Tanker Manager and Owner Face Pollution, Conspiracy Charges in US

A federal grand jury in Charleston, South Carolina, has returned indictment charging Aegean Shipping Management S.A. and Aegeansun Gamma Inc. with obstruction of an agency proceeding, conspiracy, and failing to keep accurate pollution control records, the US Justice Department announced.

Three engineering officers were also charged with related offenses.

The charges stem from the 2015 falsification of records and obstruction designed to cover up overboard discharges of oily mixtures and machinery space bilge water from the Liberian-flagged chemical tanker, T/V Green Sky.

The vessel’s management company, Aegean Shipping Management of Liberia and the vessel’s owner, Aegeansun Gamma of the Republic of the Marshall Islands, are charged with failing to maintain an accurate oil record book as required by the Act to Prevent Pollution from Ships (APPS), a US law which implements the International Convention for the Prevention of Pollution from Ships, commonly known as MARPOL. The companies were also charged with falsification of records, obstruction and conspiracy.

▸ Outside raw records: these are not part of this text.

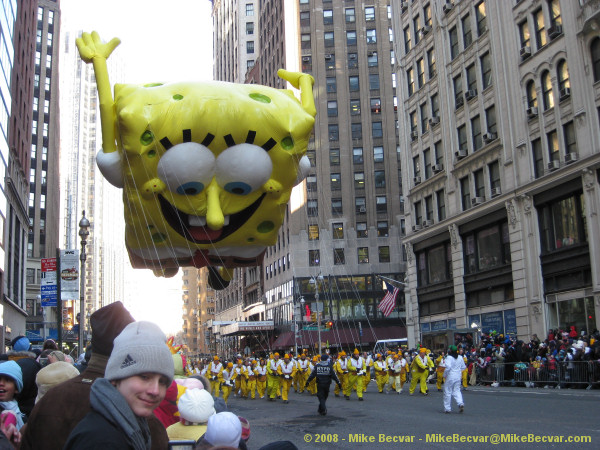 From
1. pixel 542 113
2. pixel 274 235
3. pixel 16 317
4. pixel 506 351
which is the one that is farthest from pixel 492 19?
pixel 16 317

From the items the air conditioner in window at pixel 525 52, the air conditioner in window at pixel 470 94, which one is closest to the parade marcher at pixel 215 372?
the air conditioner in window at pixel 470 94

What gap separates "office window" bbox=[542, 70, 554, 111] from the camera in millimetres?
28636

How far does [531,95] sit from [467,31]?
21.9ft

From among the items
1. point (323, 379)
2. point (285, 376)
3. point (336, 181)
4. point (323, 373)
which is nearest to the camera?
point (323, 379)

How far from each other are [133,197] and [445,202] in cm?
3070

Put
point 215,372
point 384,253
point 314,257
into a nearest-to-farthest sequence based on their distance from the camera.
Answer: point 215,372
point 314,257
point 384,253

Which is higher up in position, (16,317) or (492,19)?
(492,19)

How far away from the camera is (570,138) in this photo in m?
27.3

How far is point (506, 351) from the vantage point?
25.8 metres

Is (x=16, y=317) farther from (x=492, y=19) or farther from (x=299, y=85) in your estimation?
(x=299, y=85)

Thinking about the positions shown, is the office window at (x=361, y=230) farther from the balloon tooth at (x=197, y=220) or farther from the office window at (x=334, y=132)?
the balloon tooth at (x=197, y=220)

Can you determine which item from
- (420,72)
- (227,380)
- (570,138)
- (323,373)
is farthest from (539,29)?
(227,380)

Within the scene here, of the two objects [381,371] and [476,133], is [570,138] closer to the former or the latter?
[476,133]

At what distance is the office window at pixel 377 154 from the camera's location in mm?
67688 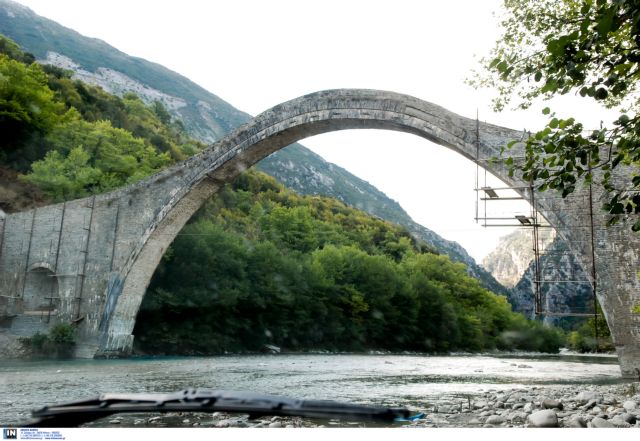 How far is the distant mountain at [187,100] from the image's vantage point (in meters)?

The individuals, Panagiotis Koutoukakis and Herbert Julian, both former Chief Engineers of the T/V Green Sky and Nikolaos Bounovas, the former Second Engineer onboard the 2014-built vessel, were charged with aiding and abetting the failure to maintain an accurate oil record book, falsification of federal records and conspiracy. Julian is facing an additional obstruction charge.

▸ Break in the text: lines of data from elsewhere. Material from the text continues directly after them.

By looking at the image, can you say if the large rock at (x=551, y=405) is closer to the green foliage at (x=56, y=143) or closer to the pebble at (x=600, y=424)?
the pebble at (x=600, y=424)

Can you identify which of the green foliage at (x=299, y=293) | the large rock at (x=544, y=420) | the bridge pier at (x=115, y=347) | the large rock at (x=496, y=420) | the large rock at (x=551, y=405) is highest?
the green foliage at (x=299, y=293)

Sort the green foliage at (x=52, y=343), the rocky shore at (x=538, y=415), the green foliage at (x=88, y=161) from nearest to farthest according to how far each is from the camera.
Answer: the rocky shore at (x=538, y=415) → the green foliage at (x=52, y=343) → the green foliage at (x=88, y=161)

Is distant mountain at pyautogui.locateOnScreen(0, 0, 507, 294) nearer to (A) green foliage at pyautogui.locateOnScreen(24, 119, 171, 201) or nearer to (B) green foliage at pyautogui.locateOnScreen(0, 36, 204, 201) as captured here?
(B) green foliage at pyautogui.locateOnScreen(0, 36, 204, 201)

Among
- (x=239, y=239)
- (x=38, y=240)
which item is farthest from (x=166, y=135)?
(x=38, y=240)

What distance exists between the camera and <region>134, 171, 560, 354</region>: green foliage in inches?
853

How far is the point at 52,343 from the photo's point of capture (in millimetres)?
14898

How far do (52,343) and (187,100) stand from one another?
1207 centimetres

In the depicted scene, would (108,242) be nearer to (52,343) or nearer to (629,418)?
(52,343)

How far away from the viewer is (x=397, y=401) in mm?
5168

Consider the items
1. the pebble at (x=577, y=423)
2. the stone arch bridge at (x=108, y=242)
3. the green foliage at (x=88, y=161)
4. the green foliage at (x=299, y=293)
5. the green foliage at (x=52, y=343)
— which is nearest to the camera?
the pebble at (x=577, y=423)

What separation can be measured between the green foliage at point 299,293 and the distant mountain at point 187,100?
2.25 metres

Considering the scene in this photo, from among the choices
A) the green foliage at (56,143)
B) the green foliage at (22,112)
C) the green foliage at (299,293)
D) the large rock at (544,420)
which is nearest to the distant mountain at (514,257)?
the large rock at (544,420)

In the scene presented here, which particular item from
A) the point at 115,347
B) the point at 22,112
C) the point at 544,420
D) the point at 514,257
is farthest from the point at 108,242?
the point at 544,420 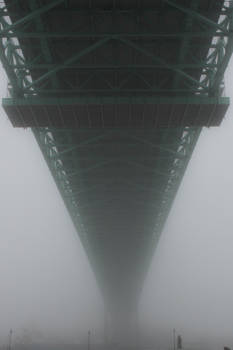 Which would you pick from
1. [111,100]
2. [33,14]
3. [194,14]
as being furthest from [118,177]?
[33,14]

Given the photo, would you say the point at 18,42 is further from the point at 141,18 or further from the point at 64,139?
the point at 64,139

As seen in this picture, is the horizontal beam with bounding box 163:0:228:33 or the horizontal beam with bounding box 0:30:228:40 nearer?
the horizontal beam with bounding box 163:0:228:33

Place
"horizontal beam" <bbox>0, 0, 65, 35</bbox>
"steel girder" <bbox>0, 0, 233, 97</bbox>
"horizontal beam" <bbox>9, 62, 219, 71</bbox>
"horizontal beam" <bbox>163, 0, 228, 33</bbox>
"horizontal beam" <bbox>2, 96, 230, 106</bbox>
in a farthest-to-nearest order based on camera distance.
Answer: "horizontal beam" <bbox>2, 96, 230, 106</bbox> → "horizontal beam" <bbox>9, 62, 219, 71</bbox> → "steel girder" <bbox>0, 0, 233, 97</bbox> → "horizontal beam" <bbox>163, 0, 228, 33</bbox> → "horizontal beam" <bbox>0, 0, 65, 35</bbox>

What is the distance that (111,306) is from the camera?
101 metres

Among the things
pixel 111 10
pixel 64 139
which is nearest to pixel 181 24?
Result: pixel 111 10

The investigation into illegal activity onboard the vessel began in late August 2015 when the vessel arrived in the Port of North Charleston, South Carolina and members of the engine room staff told the US Coast Guard that they had been ordered to bypass the ship’s oil water separator on multiple occasions.

In a related case, on February 18, the former captain of the T/V Green Sky, Genaro Anciano, pleaded guilty to one count of obstruction for knowingly making false and misleading oral and written statements in an effort to impede the Coast Guard’s investigation of the bypass allegations.

The defendants are scheduled to be arraigned in Charleston on July 26.